Naomi serves formidable hair flip as she bounds down the runway. Claudia says she always feels pretty in Versace’s clothes. And in an odd transformative note, ever notice how Gianni Versace's Italian-ness rubs off on Christy Turlington? Her Versace billboards in the opening shot are a vision of sun-kissed, smoky-eyed, Sophia Loren-esque goodness.

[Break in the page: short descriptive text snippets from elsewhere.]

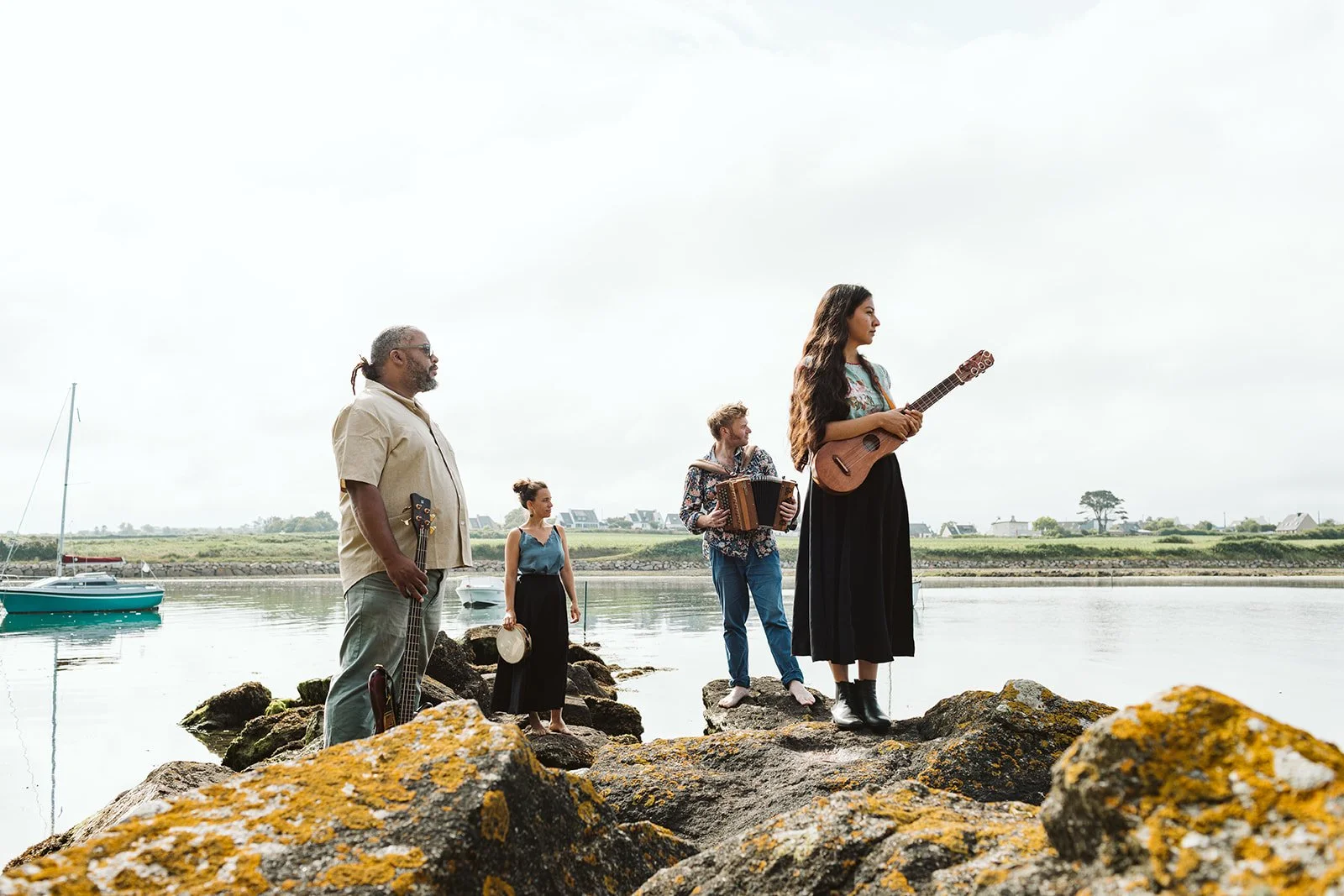 Groupe de cinq musiciens jouant de la musique sur des rochers au bord de l'eau, avec des voiliers et des maisons en arrière-plan, par temps nuageux.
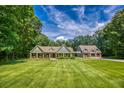 Charming home with a well-manicured lawn, stone accents, and a matching garage building at 2680 Bay Ridge Dr, Loganville, GA 30052
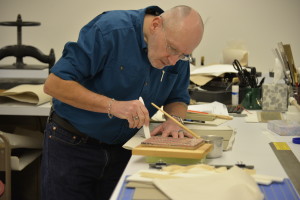 Senior conservation tech, Pat, working on one of the cradle arms.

Everyone backstage is calm, and the show runs smoothly. We’ve been seeing a lot of early ’90s Versace lately: Lady Gaga had a field day with the archive for a media blitz earlier this year, there isn’t a tony vintage store worth its salt that doesn’t carry a couple of pieces, Drake wore a printed Versace button-up to his birthday, and the ornate-bordered shirt has been knocked off countless times, but the differences are palpable when you’re seeing the clothes in this context—on the backs of these models—when Gianni Versace was alive.

The magic lies in the movement. Versace mixed polka dots and houndstooth, filigree and floral, with everything in electric, hyper-saturated tones, all on the finest fabrics. Watching the silk suits glide down the runway is unreal because the prints undulate and billow. Gianni Versace knew how to cut: The precision and structural integrity of what would otherwise be too-whimsical in its cavalier opulence make his clothes compulsively wearable. I never thought I’d type these words, but Sylvester Stallone says it best: “Versace has his feet firmly planted in traditionalism. But every now and then, he brings about an air of theatricality. So if you feel like being a bit bold, his clothes kinda bridge that gap.” The fact that Stallone is wearing a silk lapel, wing-collar shirt and has his nails buffed to a high sheen makes this pop culture nugget that much more satisfying. Another quotable tidbit comes from Sandra Bernhard: “I think the war has gotten Bush off the hook for a while, but AIDS is an ongoing war and battle that really hasn’t been properly fought.” And, of course, there’s Naomi Campbell, who displays startling honesty about the “most embarrassing thing in [her] closet." Let's just say, she talks about something of a deeply... um... penetratively... personal nature.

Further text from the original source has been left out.